An exact restatement of all the data is required, with the pictures left out.

Data below =>
────────────────────────────────────────

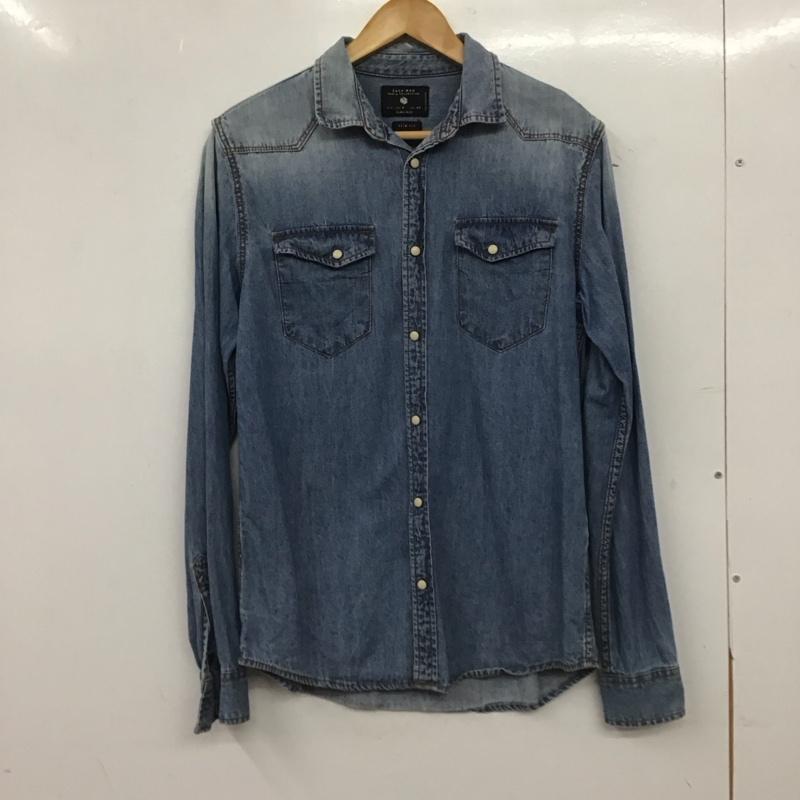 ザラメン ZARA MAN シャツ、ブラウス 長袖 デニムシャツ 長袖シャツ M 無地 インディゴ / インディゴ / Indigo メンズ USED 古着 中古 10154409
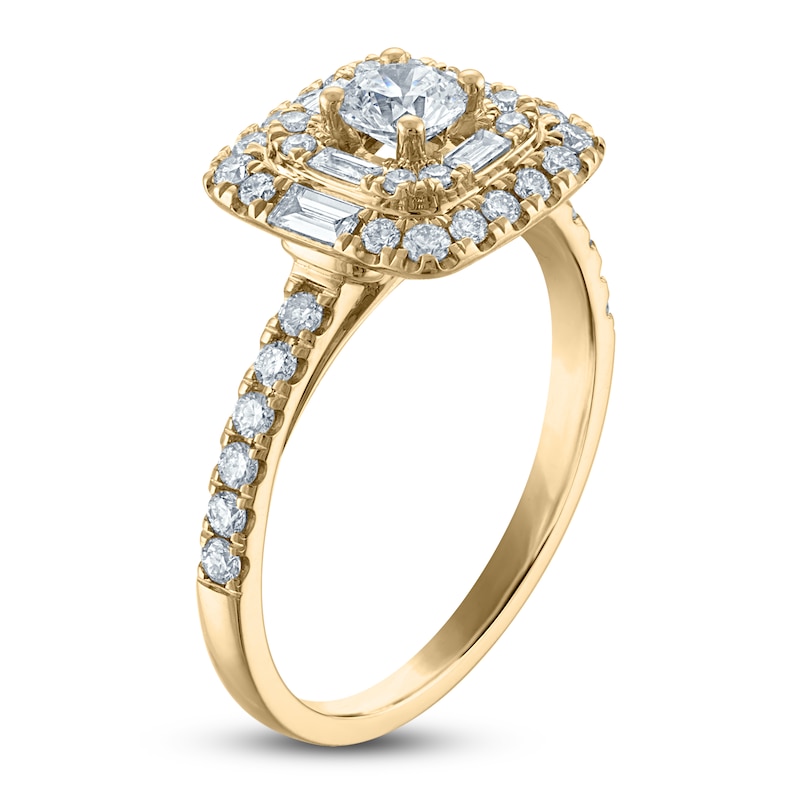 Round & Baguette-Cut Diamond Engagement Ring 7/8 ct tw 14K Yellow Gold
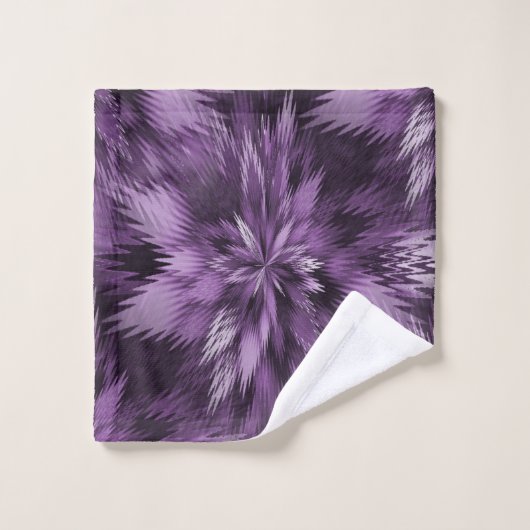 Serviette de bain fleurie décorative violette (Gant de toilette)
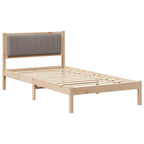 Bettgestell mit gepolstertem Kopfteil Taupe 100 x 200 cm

────────────────────────────────────────

Answer box =>
 ザラメン ZARA MAN シャツ、ブラウス 長袖 デニムシャツ 長袖シャツ M 無地 インディゴ / インディゴ / Indigo メンズ USED 古着 中古 10154409
 Round & Baguette-Cut Diamond Engagement Ring 7/8 ct tw 14K Yellow Gold
 Serviette de bain fleurie décorative violette (Gant de toilette)
 Bettgestell mit gepolstertem Kopfteil Taupe 100 x 200 cm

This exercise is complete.